A vetusta segmentação dos direitos de primeira, segunda e terceira gerações, dessa sorte, deve ser vista com a parcimônia necessária em moldes a que se possa entender que, a liberdade (direito de primeira geração) está necessariamente vinculada à igualdade (direito de segunda geração); esses dois direitos, sob o influxo da indissociabilidade, devem integrar um mesmo núcleo de proteção, qual seja: o da liberdade que venha necessariamente conectada à dignidade (retorno a Kant) e ao exercício pleno das potencialidades individuais e sociais, sem os obstáculos resultantes do preconceito visceral e burro.

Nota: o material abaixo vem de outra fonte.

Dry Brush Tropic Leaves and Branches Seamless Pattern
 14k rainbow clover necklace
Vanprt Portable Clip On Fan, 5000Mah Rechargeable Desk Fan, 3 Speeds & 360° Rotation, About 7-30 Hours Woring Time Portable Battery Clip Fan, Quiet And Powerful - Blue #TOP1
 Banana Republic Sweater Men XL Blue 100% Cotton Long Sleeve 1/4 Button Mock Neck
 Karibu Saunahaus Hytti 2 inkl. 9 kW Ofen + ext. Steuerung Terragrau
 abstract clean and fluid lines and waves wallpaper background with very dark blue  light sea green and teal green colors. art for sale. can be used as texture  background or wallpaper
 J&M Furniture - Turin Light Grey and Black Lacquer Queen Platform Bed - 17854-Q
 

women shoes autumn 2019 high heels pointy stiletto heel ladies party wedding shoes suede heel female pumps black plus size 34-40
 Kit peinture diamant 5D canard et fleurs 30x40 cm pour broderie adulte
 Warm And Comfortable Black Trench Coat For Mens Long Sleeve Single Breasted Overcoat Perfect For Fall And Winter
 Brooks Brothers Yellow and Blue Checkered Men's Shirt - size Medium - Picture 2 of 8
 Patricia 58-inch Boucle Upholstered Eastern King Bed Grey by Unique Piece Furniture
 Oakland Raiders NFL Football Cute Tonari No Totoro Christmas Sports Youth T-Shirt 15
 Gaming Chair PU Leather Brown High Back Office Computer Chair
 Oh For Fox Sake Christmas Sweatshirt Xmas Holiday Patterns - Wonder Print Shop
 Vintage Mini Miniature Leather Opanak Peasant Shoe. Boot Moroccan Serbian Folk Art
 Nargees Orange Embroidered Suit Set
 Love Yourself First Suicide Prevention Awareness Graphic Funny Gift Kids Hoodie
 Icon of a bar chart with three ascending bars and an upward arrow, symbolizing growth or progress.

São os indigentes da cidadania que, sem terem a possibilidade de disputar, de igual para igual, os grandes e próprios espaços que o estado democrático de direito reserva aos seus cidadãos, têm de suportar ainda a pecha hipócrita de serem despreparados, quando despreparados, em verdade, somos todos nós, partícipes impassíveis dessa melancólica história, repetitiva e angustiante, que só envergonha a todos quantos vislumbre o ser humano na sua acepção mais abrangente, isto é, como aquele que pode, a um só tempo, plasmar pegadas inesquecíveis na superfície rugosa da lua e, do mesmo jeito, ofertar singelamente abrigo a uma criança desamparada ou abrir mão de um pouco de sua “paz”, em homenagem solidária à dor do semelhante.

À vista dessa indiscutível e perversa realidade que ainda hoje nos permeia, enxergarem os intérpretes do Direito afronta ao princípio constitucional da igualdade no fato da existência de previsão legal consagradora de tratamento jurídico diferenciado em favor dos integrantes de alguns dos estamentos da sociedade, é tentativa de manter os juristas aferrados tão-só à justiça da retribuição, perspectiva, por sinal, bastante limitada do ideal de Justiça.

Esse vezo é ainda mais inquietante quando se sabe que, economistas e cientistas políticos – os mais importantes arautos da justiça distributiva nos dias que correm – já se aperceberam que só essa última face desse valor capital que sempre esteve a orientar a civilização e o progresso, é que se sintoniza por inteiro com a busca permanente da concretização do bem comum.